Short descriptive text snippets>
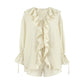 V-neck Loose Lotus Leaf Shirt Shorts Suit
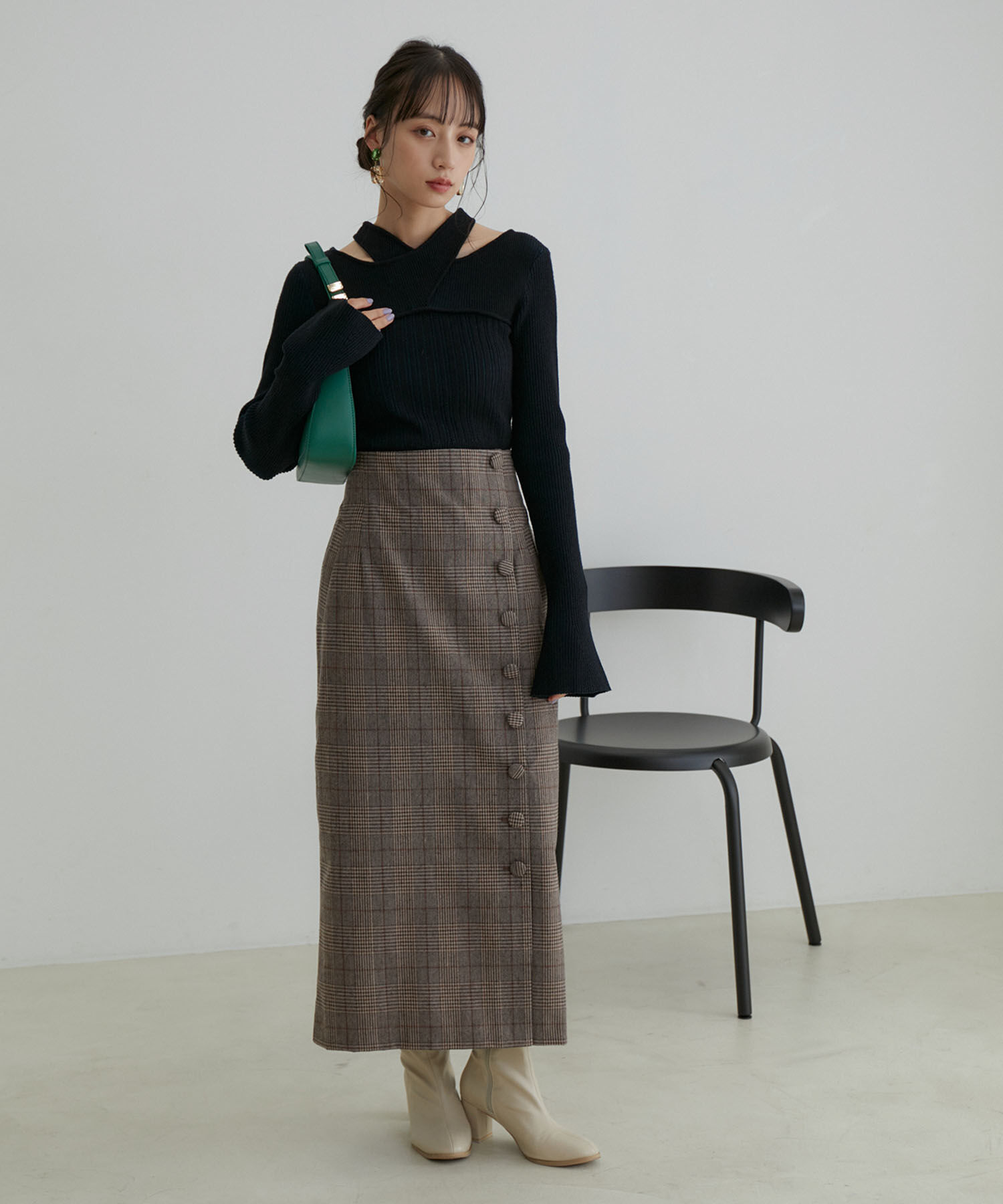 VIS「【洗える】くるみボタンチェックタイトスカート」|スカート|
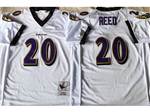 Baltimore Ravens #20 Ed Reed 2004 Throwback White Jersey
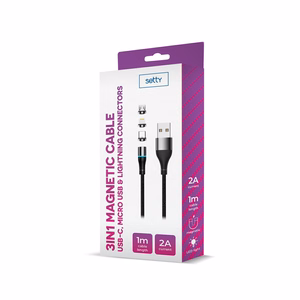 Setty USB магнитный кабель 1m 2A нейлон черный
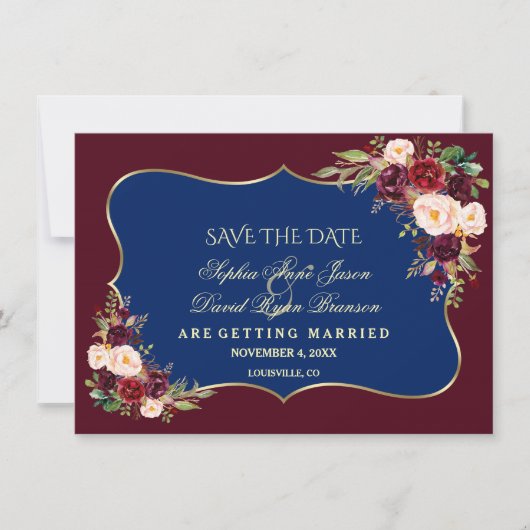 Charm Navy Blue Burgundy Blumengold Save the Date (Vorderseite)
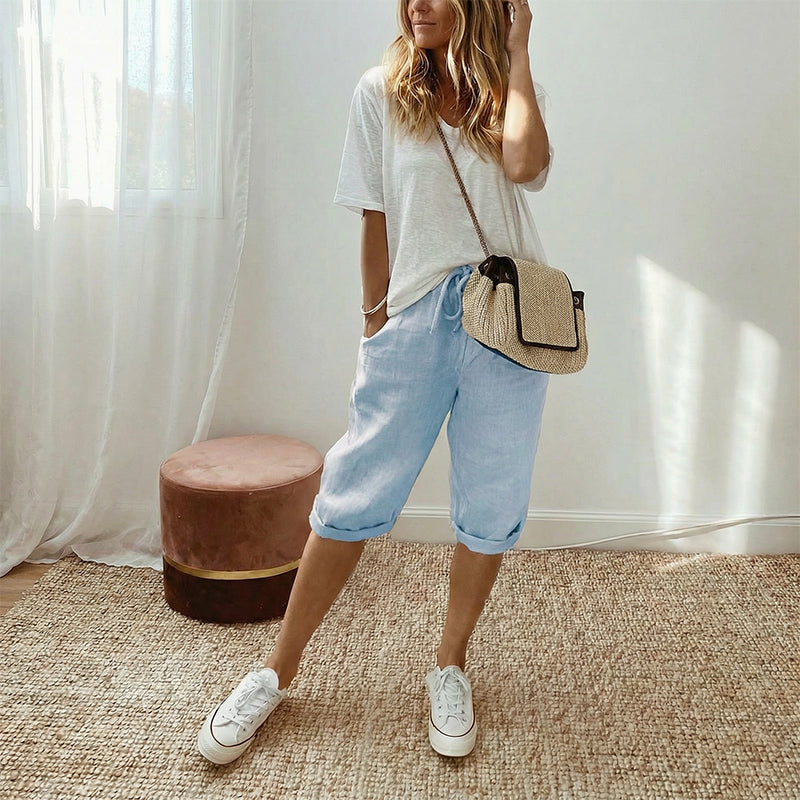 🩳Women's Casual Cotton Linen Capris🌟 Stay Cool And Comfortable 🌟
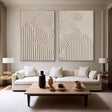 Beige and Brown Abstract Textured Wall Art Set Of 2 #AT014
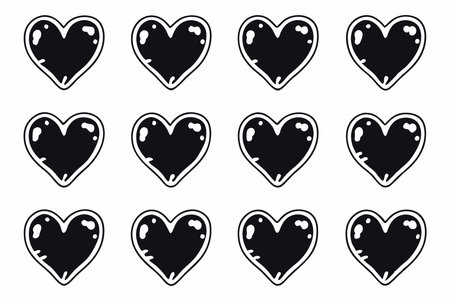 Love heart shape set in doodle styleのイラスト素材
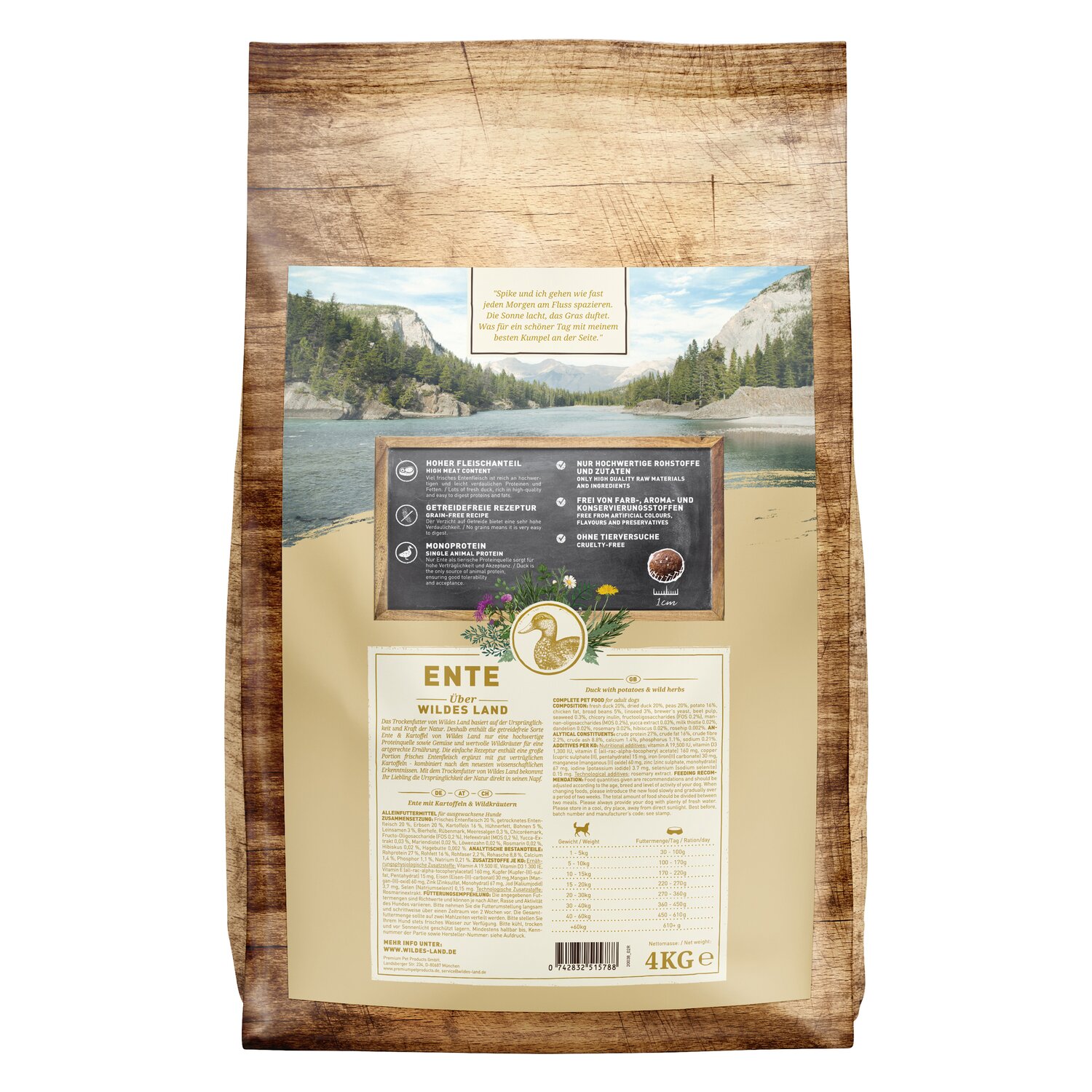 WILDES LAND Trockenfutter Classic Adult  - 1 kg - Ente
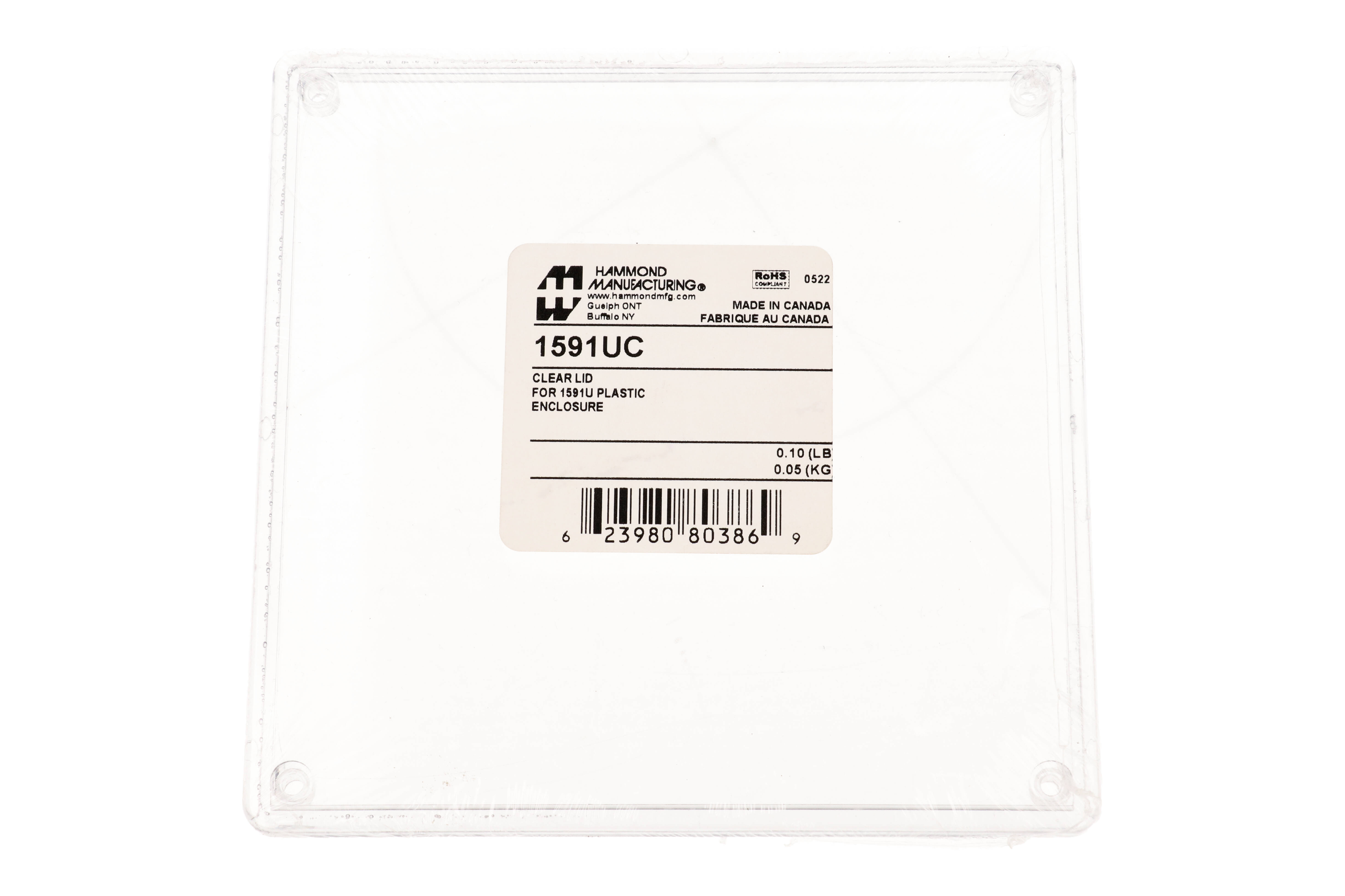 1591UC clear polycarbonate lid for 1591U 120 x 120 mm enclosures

Your assignment> Leave every picture out and retype exactly the lines of the records above from the one holding "Love heart shape set in doodle styleのイラスト素材" through the last, both ends included and nothing besides.

Completed task>
 Love heart shape set in doodle styleのイラスト素材
 WILDES LAND Trockenfutter Classic Adult  - 1 kg - Ente
 1591UC clear polycarbonate lid for 1591U 120 x 120 mm enclosures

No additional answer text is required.